- **Description of the task**
Once the data has been read, print it back in full, exactly.

== Stored data

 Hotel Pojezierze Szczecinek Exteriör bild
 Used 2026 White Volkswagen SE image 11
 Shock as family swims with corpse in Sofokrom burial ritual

====

- **Exercise response**
 Hotel Pojezierze Szczecinek Exteriör bild
 Used 2026 White Volkswagen SE image 11
 Shock as family swims with corpse in Sofokrom burial ritual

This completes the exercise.